Politik : Im Prozess um Schießerei an innerdeutscher Grenze gibt es bemerkenswerte Widersprüche

Andreas Frost

Im Prozess um den Tod des deutsch-deutschen Grenzverletzers Michael Gartenschläger haben die ersten wichtigen Zeugen den schwerwiegendsten Vorwurf der Anklage nicht untermauern können. Dennoch gibt es bemerkenswerte Widersprüche zwischen den Aussagen der Zeugen und denen der Angeklagten. Die drei Männer eines Stasi-Sondertrupps - damals zwischen 20 und 26 Jahre alt - sollen nach Angaben der Staatsanwaltschaft in der Nacht zum 1. Mai 1976 Gartenschläger zu erschießen versucht haben, obwohl dieser nach einer ersten Schießerei längst schwer verletzt am Boden lag. Auftrag des Trupps war es, den einstigen DDR-Häftling Gartenschläger daran zu hindern, ein drittes Mal vom Westen aus einen der Selbstschussautomaten "SM 70" vom Metallgitterzaun abzubauen. Mit zwei dieser Demontagen an der Grenze zwischen Holstein und Mecklenburg bei Büchen hatte Gartenschläger in den Wochen zuvor die DDR international blamiert. Ein Plan der Stasi-Hauptabteilung Äußere Abwehr sah vor, der "Grenzprovokateur" sei "festzunehmen bzw. zu vernichten".

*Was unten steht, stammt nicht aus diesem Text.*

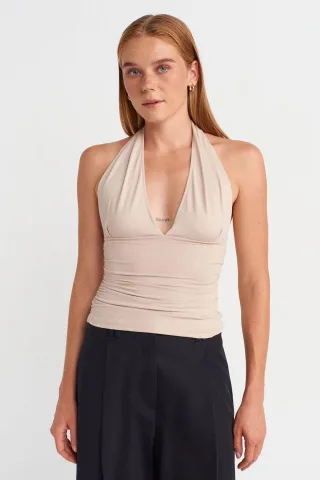 Schlanke Halterneck-Bluse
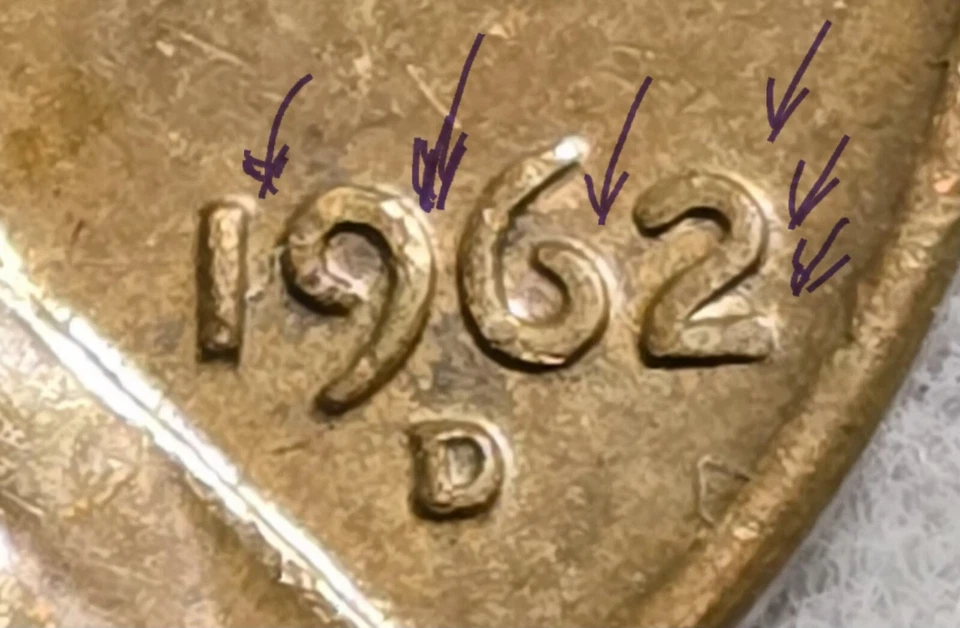 1962 D Lincoln Penny 1C Small Date 3.1g Copper Errors of Off-Center & RPM💥 - Image 3 of 4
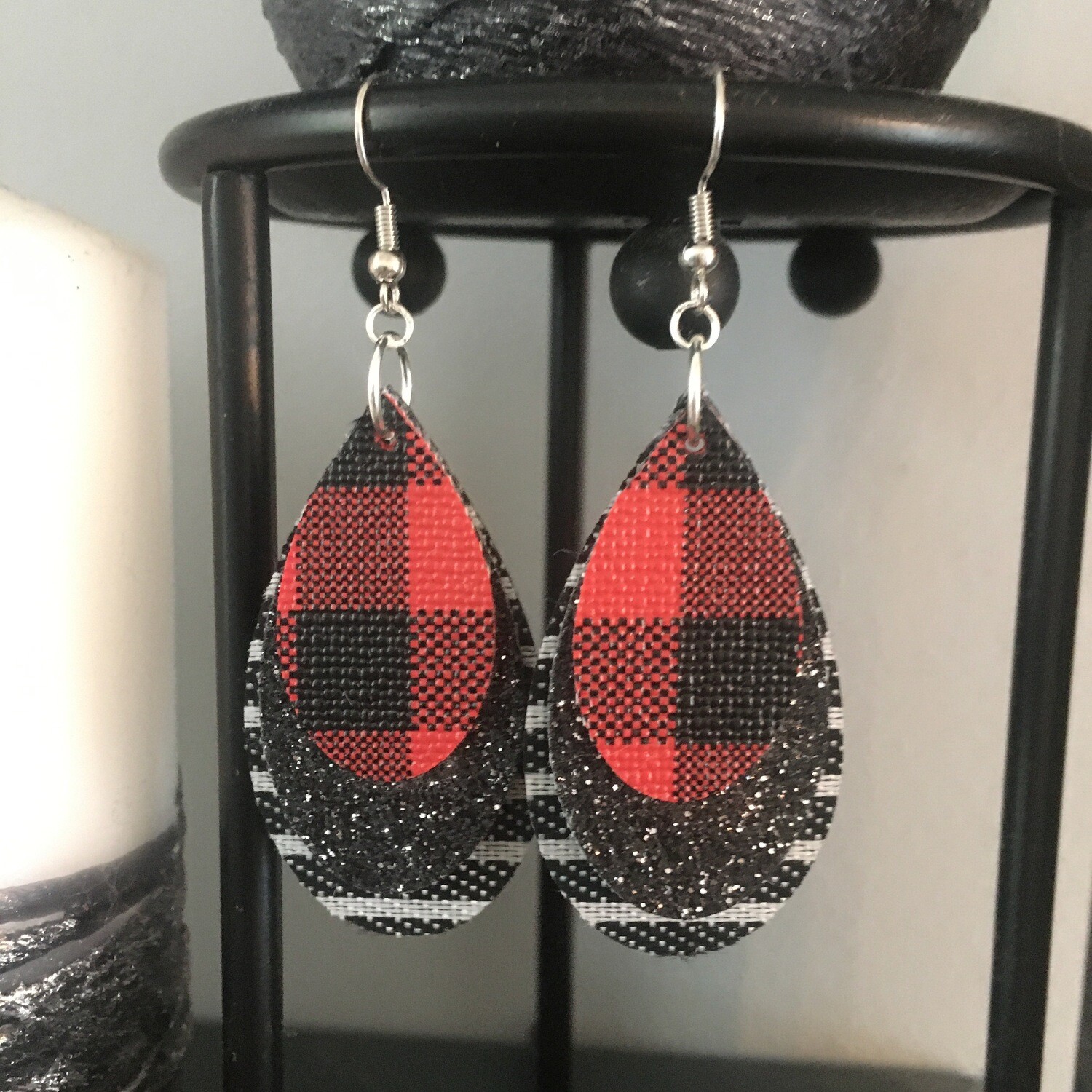 Triple Stacked Faux Leather Buffalo Plaid Earrings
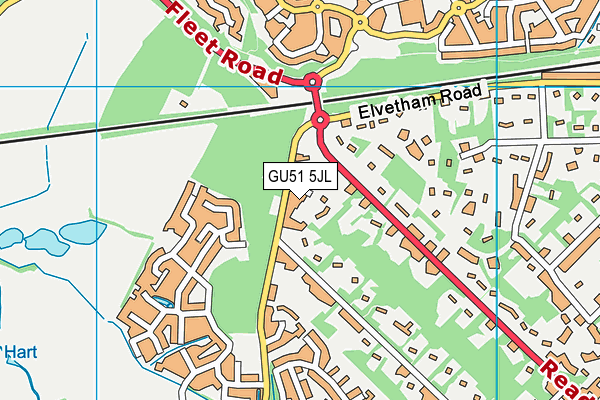 GU51 5JL map - OS VectorMap District (Ordnance Survey) GU51 5JL map - OS VectorMap District (Ordnance Survey)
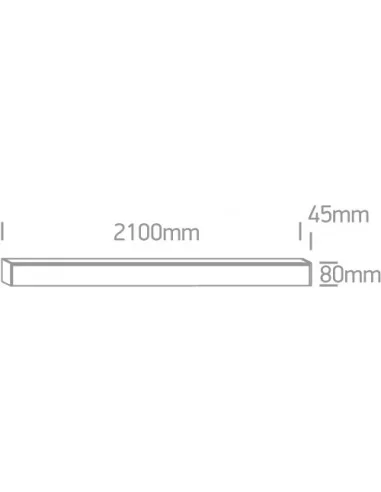 40020/B Juodas prodilis kvadratiniam bėgeliui 210cm, ONE LIGHT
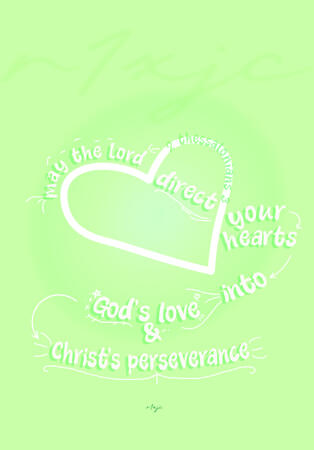 2 Thessalonians 3:5 ; bubbly overly-pastel pinterest post style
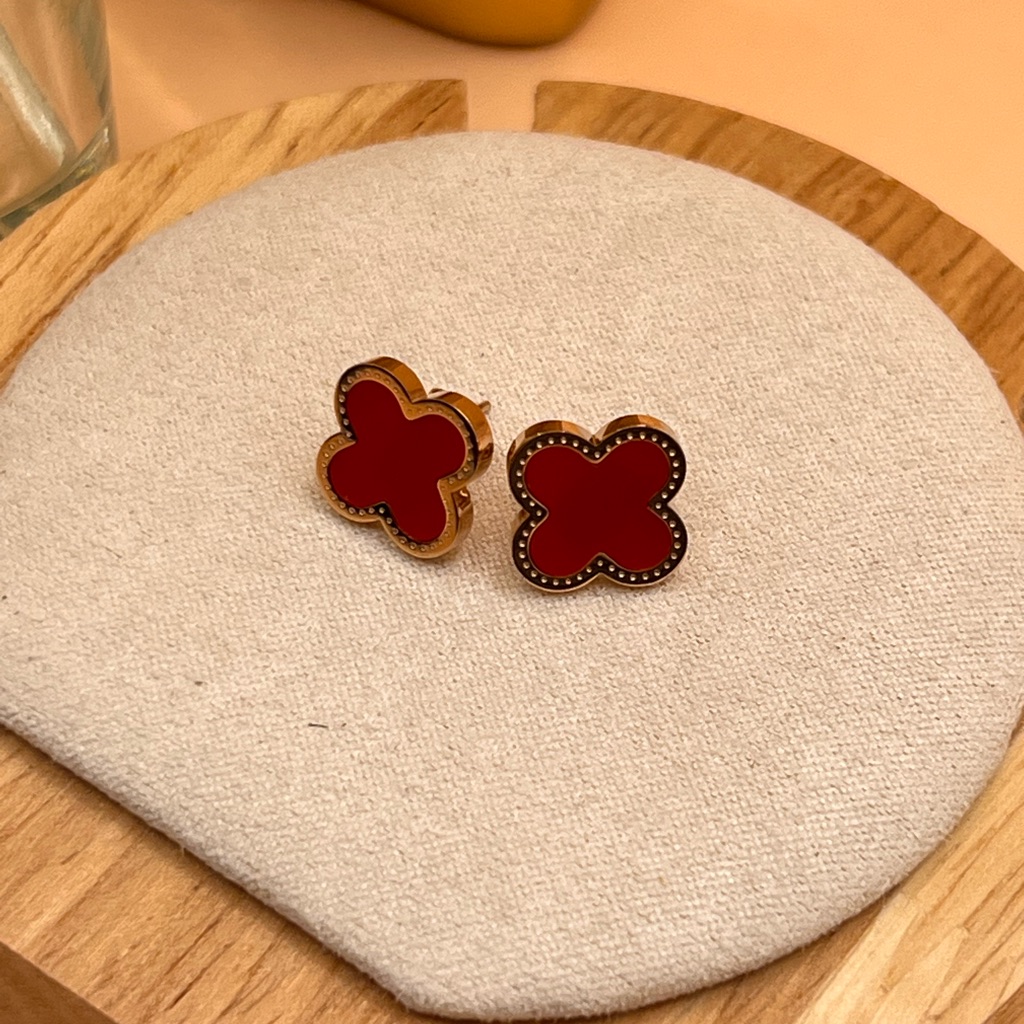 (Rosegold+Red)14k Gold Platedstud Star Earringgift For Her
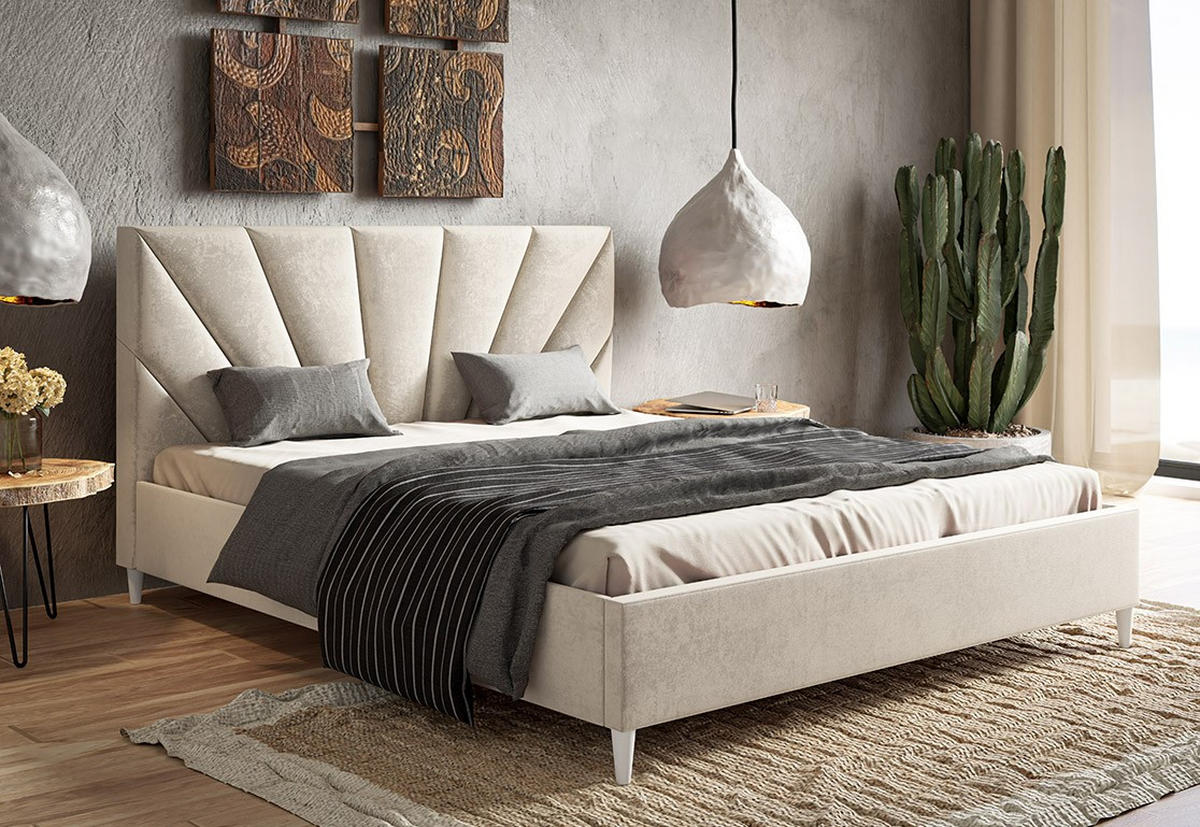 BETT Beige LUXO 3 Gepolstert Auf Hohen Beinen 120x200 cm - Beige, Textil (120/200cm) - Sepro Meble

Als Hauptbelastungszeuge gilt Herbert L., vierter Mann des Sondertrupps, der westlich des Zauns aber noch auf DDR-Gebiet lauerte. Vor dem Landgericht Schwerin sagte L. am Donnerstag allerdings, er habe nicht gesehen, ob einer seiner Kameraden nach einer Feuerpause auf den auf dem Rücken liegenden Gartenschläger geschossen hätte. Er vermute es lediglich. Er selbst habe wohl die Schießerei ausgelöst, so L. Als er Gartenschläger als gebückten Schatten anschleichen sah, entsicherte er seine Waffe. Gewarnt durch dieses Geräusch, soll Gartenschläger mit seiner Pistole geschossen haben - woraufhin die vier Stasi-Grenzer das Feuer erwiderten. Als er in der Feuerpause zu Gartenschläger vorrobbte, habe dieser noch gelebt, so der Zeuge. Anders als die Angeklagten räumte er ein, eine Demontage der Selbstschussanlage hätten sie "unter allen Umständen" verhindern sollen - gegebenenfalls also auch mit Waffengewalt. Die Angeklagten hatten betont, ihr Auftrag sei es gewesen, Gartenschläger lebend zu bekommen, da dessen Tod dem Image der DDR nur geschadet hätte. Nach dem Einsatz wurden die vier mit dem Kampforden der DDR ausgezeichnet und bekamen 1500 DDR-Mark Prämie. Tragen durften sie den Orden nicht, weil er für ihre Ränge nicht vorgesehen war.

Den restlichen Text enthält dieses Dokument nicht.